╔══

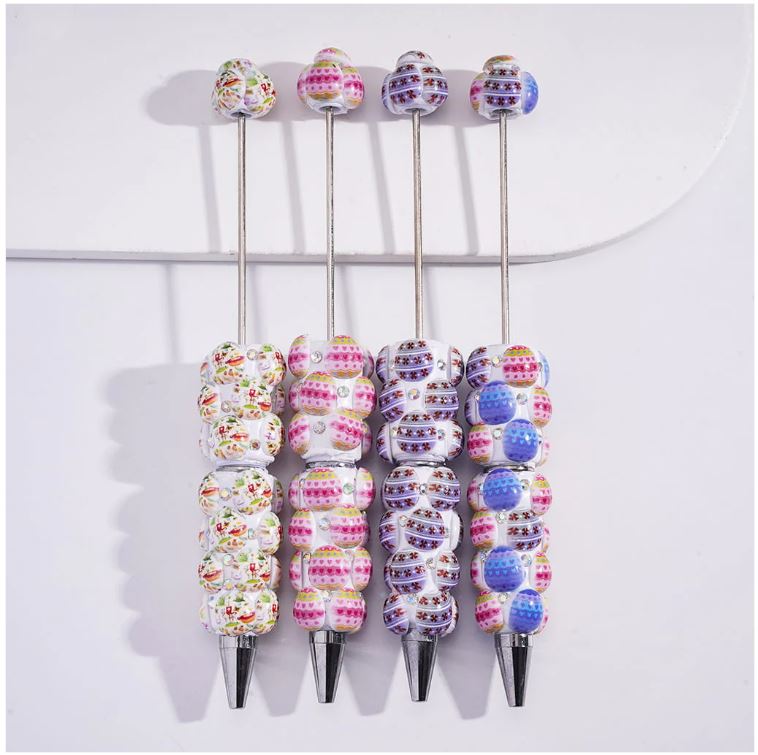 Beadablebliss's tweet photo. Cute beadable clay pens featuring colorful Easter egg designs with sparkling AB rhinestones.
#BeadableClayPens #EasterSeries #ColorfulEggDesign #ABRhinestones #RandomMix #DIYStationery #CutePens #KawaiiCrafts
For More Visit: https://t.co/Zok1etUMCc https://t.co/pW7EYHhVMY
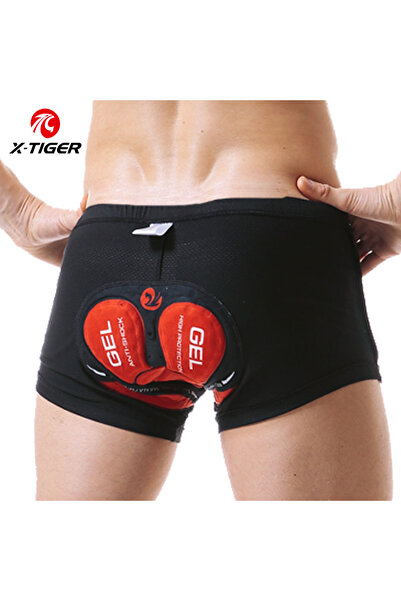 Choice XL XM-DNK-16601 X-Tiger Cycling Shorts Breathable Mesh Shockproof Cycl...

╚══

> **What is being asked**:
A word-for-word repetition of the data above, without pictures, is the expected answer.

> **Response to the exercise**:
 Beadablebliss's tweet photo. Cute beadable clay pens featuring colorful Easter egg designs with sparkling AB rhinestones.
#BeadableClayPens #EasterSeries #ColorfulEggDesign #ABRhinestones #RandomMix #DIYStationery #CutePens #KawaiiCrafts
For More Visit: https://t.co/Zok1etUMCc https://t.co/pW7EYHhVMY
 Choice XL XM-DNK-16601 X-Tiger Cycling Shorts Breathable Mesh Shockproof Cycl...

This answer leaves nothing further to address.